À douze jours de l’inauguration de l’Exposition universelle d’Osaka, le pavillon français s’est drapé de blanc, dans un tissu architectural qui lui confère légèreté et mouvement. Alors que les danseur•euses de Chaillot s’apprêtent à faire bouger cent tissus pour un Chaillot expérience dédié à la mode, au Théâtre de la Ville, on a vu Eszter Salamon donner au tissu le premier rôle de son Monument, le transformant par exemple, en une mer d’argent fondant comme les glaciers à cause du réchauffement climatique.
Très récemment aussi, en clôture du festival Artdanthé, nous avons déambulé, regardé dans le couloir qui sépare le hall de la salle de spectacle. Là, il y avait sur les murs des broderies queers et de grands aplats de tissus aux allures surréalistes. Une exposition sans photo ni peinture.
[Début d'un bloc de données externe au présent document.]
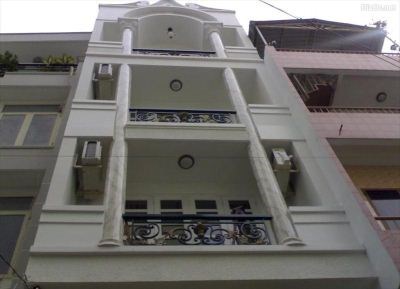 Bán nhà Q Phú Nhuận MT Đường Hoa, 4 X 20m 1 trệt 3 lầu, giá 9,7 tỷ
C’était le préquel de la performance Wearing the dead, une proposition très dadaïste de Darius Dolatyari-Dolatdoust où les habits étaient comme des réincarnations de fantômes d’œuvres d’art iraniennes. Et récemment, Volmir Cordeiro reprenait son Outrar à la Ménagerie de Verre où il apparaît vêtu de plusieurs dizaines de couches de vêtements : des jupes, des jupons, des shorts, des slips… Il est question d’un carnaval étrange, vous verrez.
Autant de tissus qui envahissent le monde de la scène et de l’art, et qui nous font penser à des choses que l’on a vues, entendues, ces derniers mois, ces dernières semaines. Comment ne pas parler de Caroline Giuela Nguyen ? Dans son Lacrima cousu main, une robe se fait le symbole de toute la dérive capitaliste et est au cœur d’une catastrophe humaine… Que valent les yeux d’un brodeur indien face à la robe de la princesse d’Angleterre ? Que valent quelques secondes d’émerveillement si ce n’est pour faire fermer les yeux du plus grand nombre et ainsi ne pas voir le pire ? Et si de Cendrillon à la lutte des classes, il n’y avait que quelques pas, que quelques mailles, un soulier, une robe ?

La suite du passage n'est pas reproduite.